======== Material shown

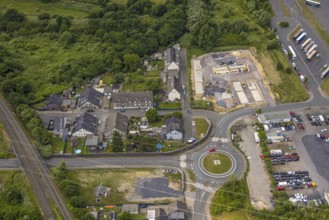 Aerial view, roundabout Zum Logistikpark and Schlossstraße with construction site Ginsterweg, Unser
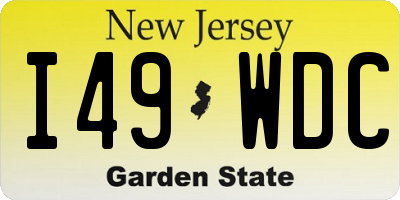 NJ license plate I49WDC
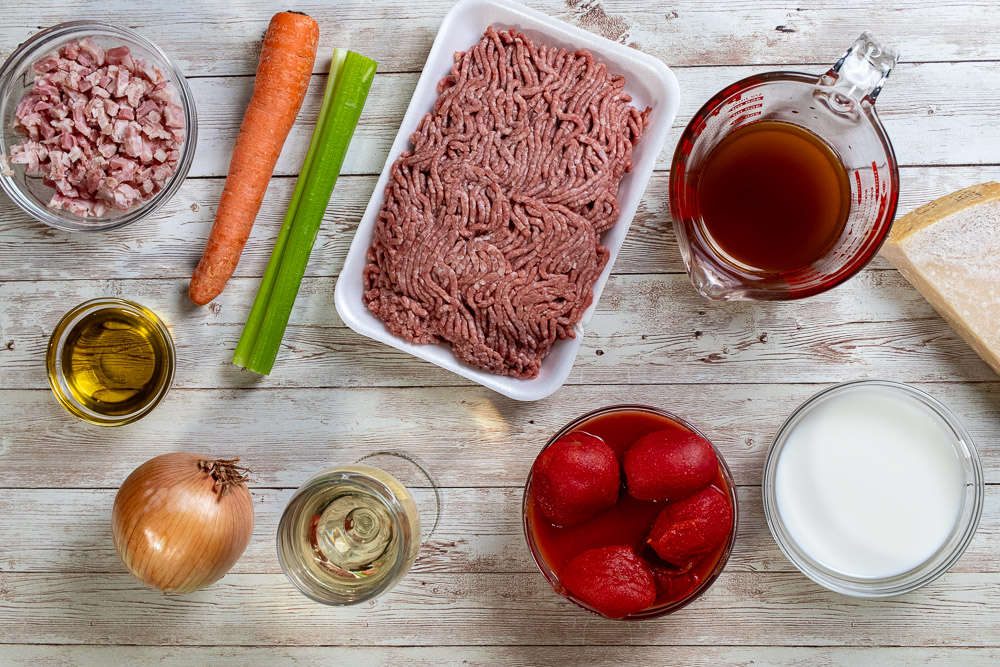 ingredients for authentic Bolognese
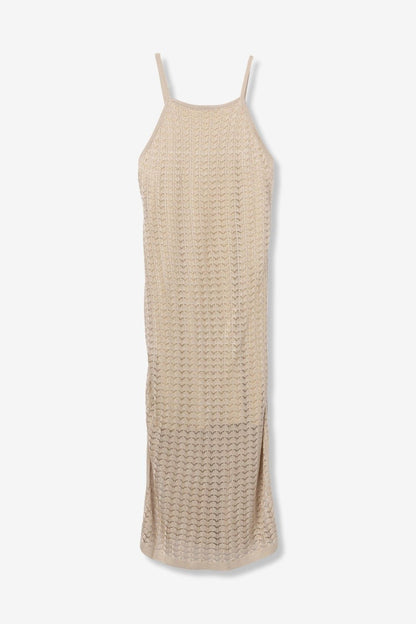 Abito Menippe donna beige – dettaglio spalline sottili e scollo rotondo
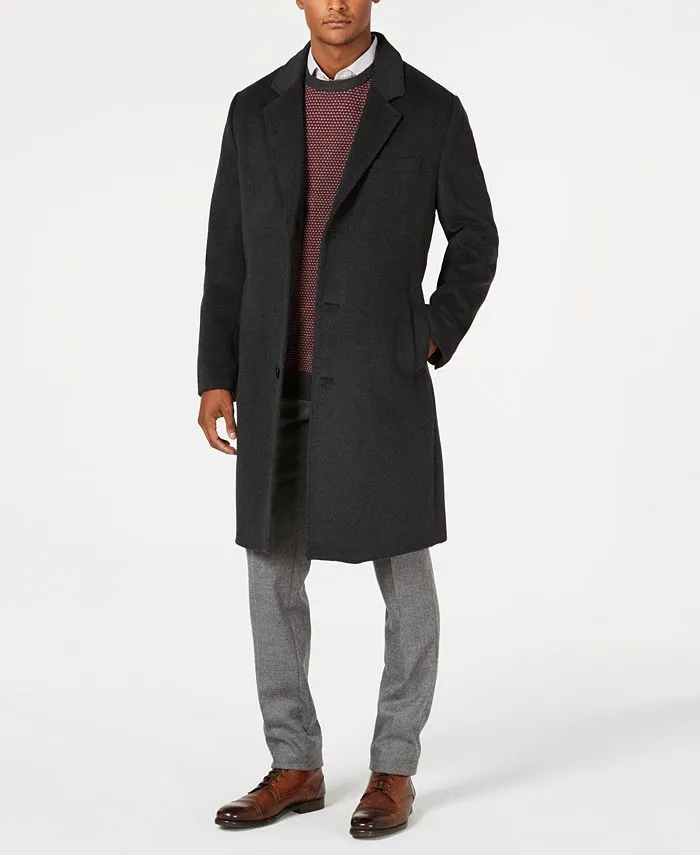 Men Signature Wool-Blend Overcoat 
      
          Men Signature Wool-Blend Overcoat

================

> **Problem details**: Give back word for word the lines from the one containing "ingredients for authentic Bolognese" through the final line of the data above. Pictures are to be left out.

> **Response**:
 ingredients for authentic Bolognese
 Abito Menippe donna beige – dettaglio spalline sottili e scollo rotondo
 Men Signature Wool-Blend Overcoat 
      
          Men Signature Wool-Blend Overcoat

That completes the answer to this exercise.